An isothermal process is a thermodynamic change wherein the temperature of a system remains constant throughout the process. This happens when heat exchange with the surroundings compensates exactly for the work done, keeping the internal energy unchanged.

Isothermal processes are key in understanding ideal gas behavior, particularly in entropy change calculations where temperature consistency is crucial. For an ideal gas, it is often connected to reversible processes allowing for straightforward mathematical manipulation and analysis.

• Maintains constant temperature due to heat transfer balance.
• Generally occurs slowly to allow the system to continuously exchange heat with surroundings to keep the temperature stable.
• Commonly analyzed in the context of an ideal gas where internal energy remains unchanged.

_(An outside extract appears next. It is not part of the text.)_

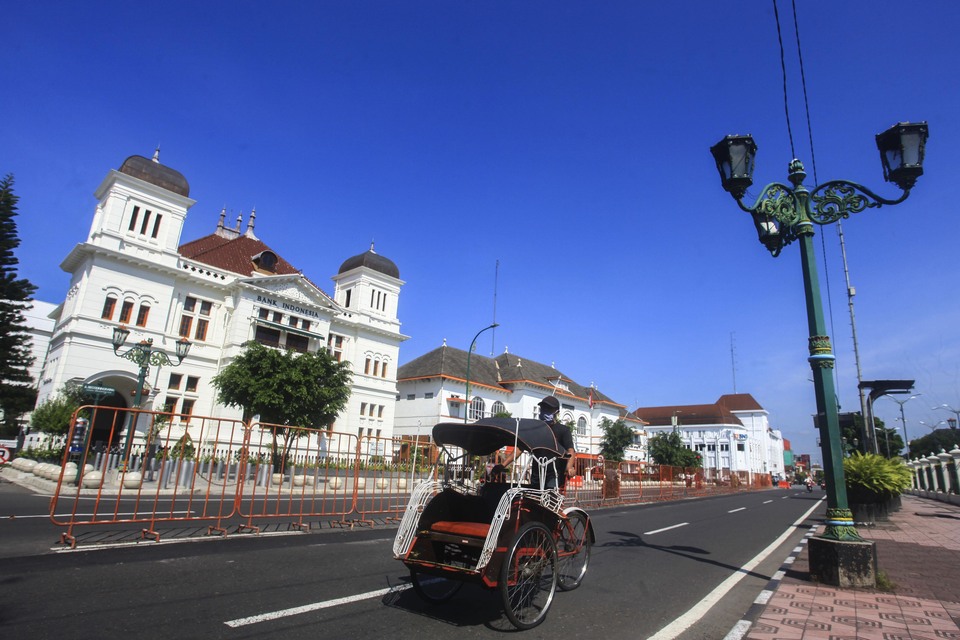 A rickshaw driver drives past a Dutch colonial architecture building in Yogyakarta on June 10, 2020. (Antara Photo/Andreas Fitri Atmoko)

This process is crucial for simplification when using the formula for entropy change: \[ \Delta S = nR \ln \left( \frac{V_f}{V_i} \right) \], where the consistency in temperature allows this equation to hold true.

Natural Logarithm

The natural logarithm, denoted as \( \ln \), is a logarithmic function with a base of \( e \), where \( e \) is an irrational constant approximately equal to 2.71828. In the context of thermodynamics, the natural logarithm is particularly useful when dealing with exponential relationships and decay patterns.

In many thermodynamic equations, you will see the natural logarithm used due to its presence in growth and decay problems, helping to simplify the mathematics involved. Especially when calculating entropy changes, the natural logarithm helps express the quantitative relationships between states in a more manageable form.

Notable points to remember:

• The natural logarithm function is the inverse of the exponential function \( e^x \).
• It is commonly used in calculations involving proportionate growth or decay.
• In reversible isothermal processes for an ideal gas, it allows the expression and calculation of entropy change in simplified terms.

Using this, we calculate entropy changes effectively, as seen in the formula: \( \Delta S = nR \ln \left( \frac{V_f}{V_i} \right) \), demonstrating its utility as it was in our solution.